= What to work on =
Write out all of the records, keeping each one exactly as written.

= Data to process =

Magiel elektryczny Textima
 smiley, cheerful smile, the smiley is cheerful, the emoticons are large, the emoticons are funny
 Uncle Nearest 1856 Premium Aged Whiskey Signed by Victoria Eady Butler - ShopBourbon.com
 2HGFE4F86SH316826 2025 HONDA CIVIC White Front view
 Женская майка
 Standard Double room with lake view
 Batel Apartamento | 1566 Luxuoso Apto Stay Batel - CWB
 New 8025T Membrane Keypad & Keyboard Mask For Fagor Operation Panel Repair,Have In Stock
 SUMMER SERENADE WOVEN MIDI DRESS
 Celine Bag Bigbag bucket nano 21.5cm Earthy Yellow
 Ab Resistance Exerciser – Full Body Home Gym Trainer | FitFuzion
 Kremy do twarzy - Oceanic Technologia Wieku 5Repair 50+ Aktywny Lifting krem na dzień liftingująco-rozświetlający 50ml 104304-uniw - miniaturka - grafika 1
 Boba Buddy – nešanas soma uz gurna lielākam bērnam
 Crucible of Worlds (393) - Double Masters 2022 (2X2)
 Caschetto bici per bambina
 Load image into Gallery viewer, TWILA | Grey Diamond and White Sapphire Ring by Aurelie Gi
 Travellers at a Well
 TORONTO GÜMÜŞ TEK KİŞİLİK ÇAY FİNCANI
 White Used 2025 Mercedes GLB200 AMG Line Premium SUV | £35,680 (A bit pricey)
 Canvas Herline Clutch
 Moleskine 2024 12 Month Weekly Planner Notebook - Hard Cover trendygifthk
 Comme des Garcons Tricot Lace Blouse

= Exercise result =
Magiel elektryczny Textima
 smiley, cheerful smile, the smiley is cheerful, the emoticons are large, the emoticons are funny
 Uncle Nearest 1856 Premium Aged Whiskey Signed by Victoria Eady Butler - ShopBourbon.com
 2HGFE4F86SH316826 2025 HONDA CIVIC White Front view
 Женская майка
 Standard Double room with lake view
 Batel Apartamento | 1566 Luxuoso Apto Stay Batel - CWB
 New 8025T Membrane Keypad & Keyboard Mask For Fagor Operation Panel Repair,Have In Stock
 SUMMER SERENADE WOVEN MIDI DRESS
 Celine Bag Bigbag bucket nano 21.5cm Earthy Yellow
 Ab Resistance Exerciser – Full Body Home Gym Trainer | FitFuzion
 Kremy do twarzy - Oceanic Technologia Wieku 5Repair 50+ Aktywny Lifting krem na dzień liftingująco-rozświetlający 50ml 104304-uniw - miniaturka - grafika 1
 Boba Buddy – nešanas soma uz gurna lielākam bērnam
 Crucible of Worlds (393) - Double Masters 2022 (2X2)
 Caschetto bici per bambina
 Load image into Gallery viewer, TWILA | Grey Diamond and White Sapphire Ring by Aurelie Gi
 Travellers at a Well
 TORONTO GÜMÜŞ TEK KİŞİLİK ÇAY FİNCANI
 White Used 2025 Mercedes GLB200 AMG Line Premium SUV | £35,680 (A bit pricey)
 Canvas Herline Clutch
 Moleskine 2024 12 Month Weekly Planner Notebook - Hard Cover trendygifthk
 Comme des Garcons Tricot Lace Blouse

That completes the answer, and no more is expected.